Hmmm sonic dog no bark device...interesting. I remember trying a dog whistle and it was as if nothing was any different with one dog and the other would tilt her head. I guess a strange noise is a good distraction. I have learned alot about redirecting behavior and I am trying sit instead of barking with the new boy...this might work with him but not with my nut case female. She is 6 and loves to bark but it is a warning. The boy is more like HEY HEY COME PLAY WITH ME!!!!!!! Roxanne sounds like my girl she stops and then is right back at it. My first girl was quiet unless absolutely necessary and would shut up on command and stay that way. She did spoil me. Then I found out that many more GSDs love to talk than not.


----------



## ThreeDogs (Mar 16, 2007)

I have a barker, she will stop when I ask her, but will start up again. It was not really and issue at my old house as my neighbors never came out....now I have neighbors whose 11 grandkids visit every Sunday...

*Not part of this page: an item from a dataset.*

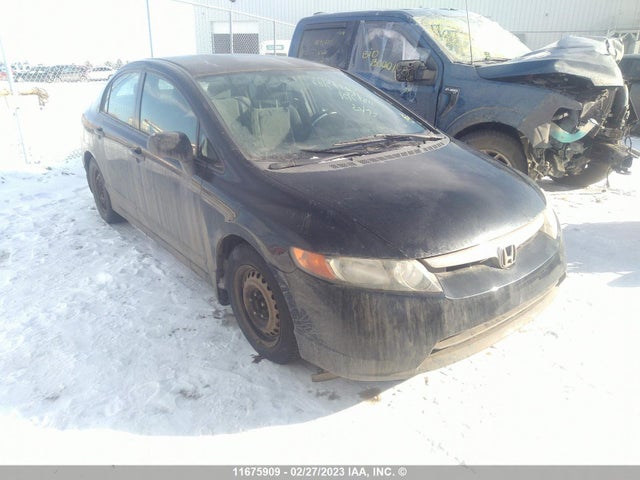 Honda Civic Dx 2008 2HGFA16238H010648 главное изображение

I want to teach her to stop barking, not just shock her, so I ordered the Spray Commander Remote Trainer Kit, it's a bit pricey but I don't like the idea of shocking her and I don't want to totally discourage her from barking. It also will allow me to control when she gets sprayed..


----------



## czgsd (Jan 12, 2004)

> Quote:I want to teach her to stop barking, not just shock her, so I ordered the Spray Commander Remote Trainer Kit, it's a bit pricey but I don't like the idea of shocking her and I don't want to totally discourage her from barking. It also will allow me to control when she gets sprayed..


I tried that device for a very vocal collie we were fostering, and it was very effective - so effective that you need to be careful when to use it. I had to do something to be able to keep him (and the wife), and not anger the neighbor. I only used it when it was definitely inappropriate annoyance/boredom/etc. barking, as I didn't want to totally silence him, either. Even then, I allowed a couple of barks each time, before correcting. He learned what was and wasn't acceptable VERY quickly, and only needed occasional reminders. I prefer having control, rather than relying on an automatic bark control device, given a choice. Good luck!


----------



## ThreeDogs (Mar 16, 2007)

Thanks for letting me know it worked for you!!

My plan was to allow her a few barks as well before asking her to stop then correcting if she doesn't stop...It just seems to be at the kids next door.


----------



## MikeB06 (Mar 12, 2006)

It is my experience that most barkers just need much more controled exercise like fetch games and obedience work EVERYDAY. They need to use their mind and body to release stress and anxiety. A tired dog does not bark. 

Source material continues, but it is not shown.